Tax Year End Checklist – 5th April 2018

The tax year end is fast approaching, and the last day of the tax year falls on Thursday 5th April. Below are some simple but effective things you can do to make the most of your tax allowances before the end of the tax year.


If possible, utilise your ISA allowance. Any capital gains or income from your investments in an ISA are tax exempt.

Interest rates on cash ISAs remain low, and you may wish to explore a stocks and shares ISA with us to help your money work harder. Each individual can invest £20,000 for tax year 2017-18, and in tax year 2018-19.

A couple could save £80,000 into ISAs over the next few weeks. The dividend income allowance is falling from £5,000 to £2,000 on 6th April 2018; shielding your investment income from tax will become even more important.
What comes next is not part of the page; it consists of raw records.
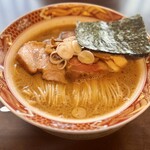 improv. - ふつうのらーめん［醤油］ 2,000円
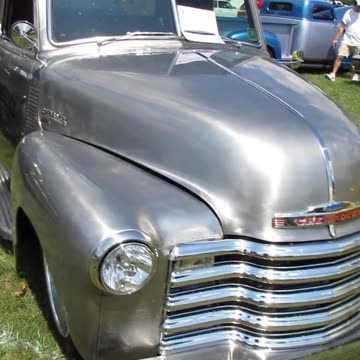 1953 Chevrolet 3100 Pickup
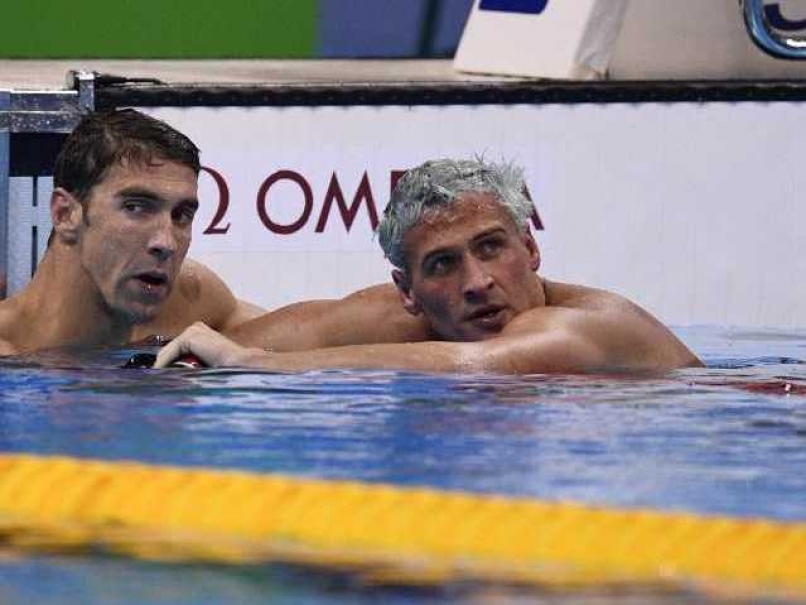 Ryan Lochte Banned For 10 Months For Faking Robbery Story: Reports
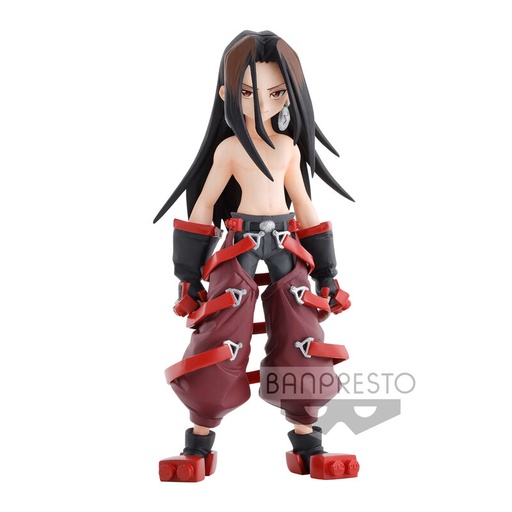 [4983164188189] Figura Hao Shaman King 14cm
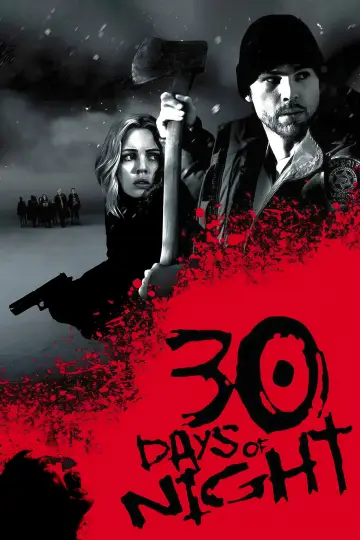 Plakat do filmu "30 Dni Mroku" #808606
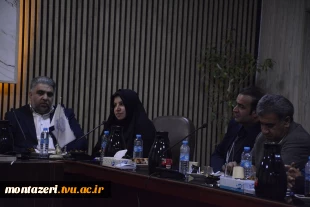 برگزاری نشست هم‌افزایی مدیران هنرستان‌ها، دانشگاه ملی مهارت و مجمع خیرین توسعه و ترویج آموزش های فنی و حرفه ای 5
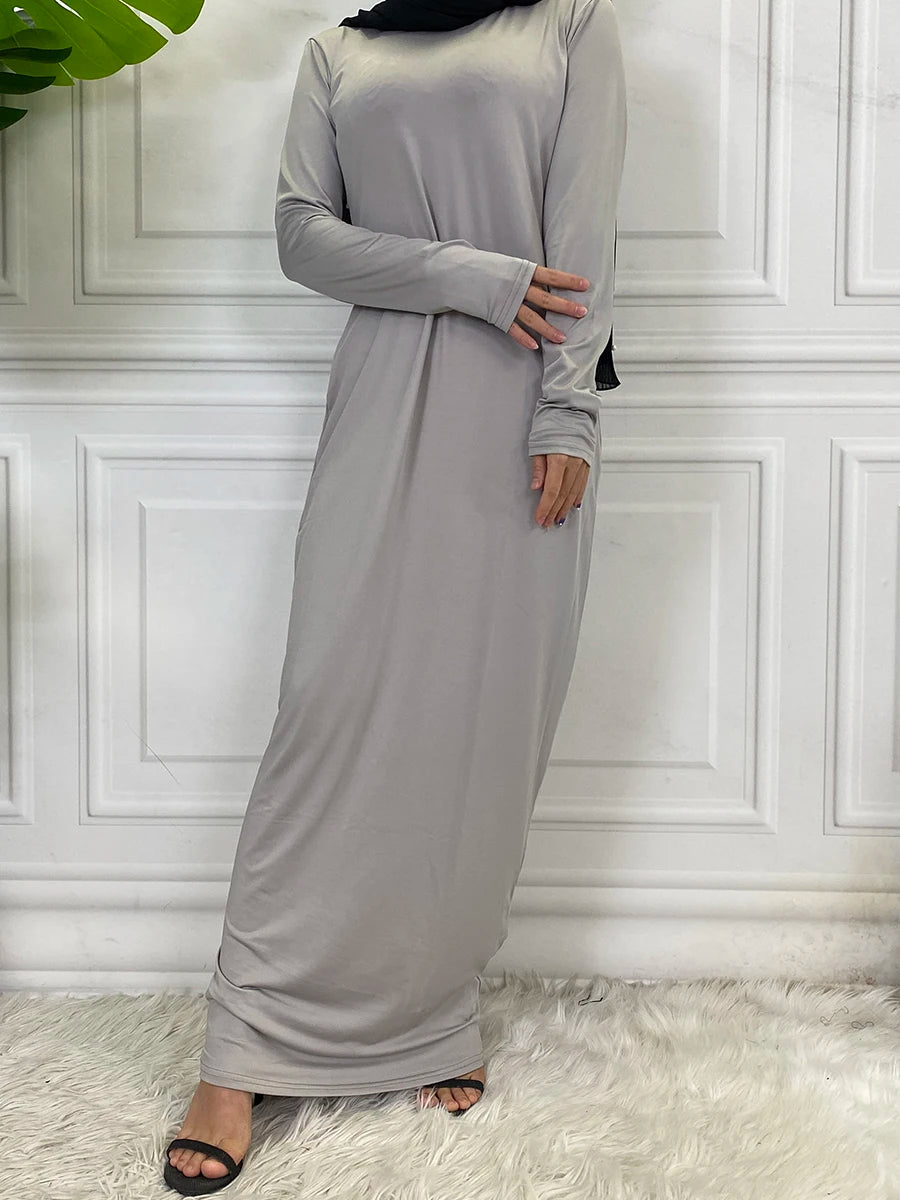 Robe Kaftan Nouvelle Collection – présentation du modèle, vue 7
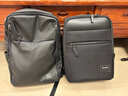 新秀麗（Samsonite）電腦包雙肩包14英寸筆記本背包男士出差商務(wù)通勤包升級款TT0*003 曬單實(shí)拍圖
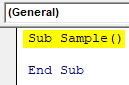 VBA Switch Example 1-3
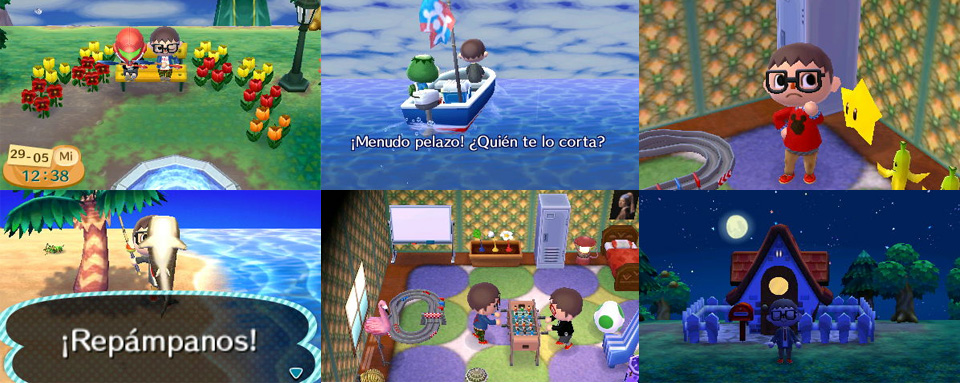 Análisis de Animal Crossing: New Leaf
Please note that your ISA allowance is a personal allowance for all ISA accounts. If you have already made an ISA subscription elsewhere, please let us know so we do not over-subscribe you beyond your limit.


This year’s allowance is £40,000. You can carry forward up to 3 years worth of unused allowances up to £40,000 each year. With qualifying earnings, a contribution of up to £160,000 could be made when utilising carry forward allowances.

Please note that if you earn over £150,000 per annum, your allowance is reduced by £1 for every £2 of excess earnings. It is important to utilise carry forward allowances as the taper only applies to this tax year (2017-18) and the previous tax year (2016-17) (as well as future tax years).

The investments in your pension can be left to grow without incurring capital gains tax and income tax. Tax is normally only payable when you take money from your pension. Pensions are also valuation inheritance tax vehicles.

If you die before the age of 75, your beneficiaries could inherit your pension free of tax. If you die over the age of 75, the taxes on your pension are much lower than they used to be.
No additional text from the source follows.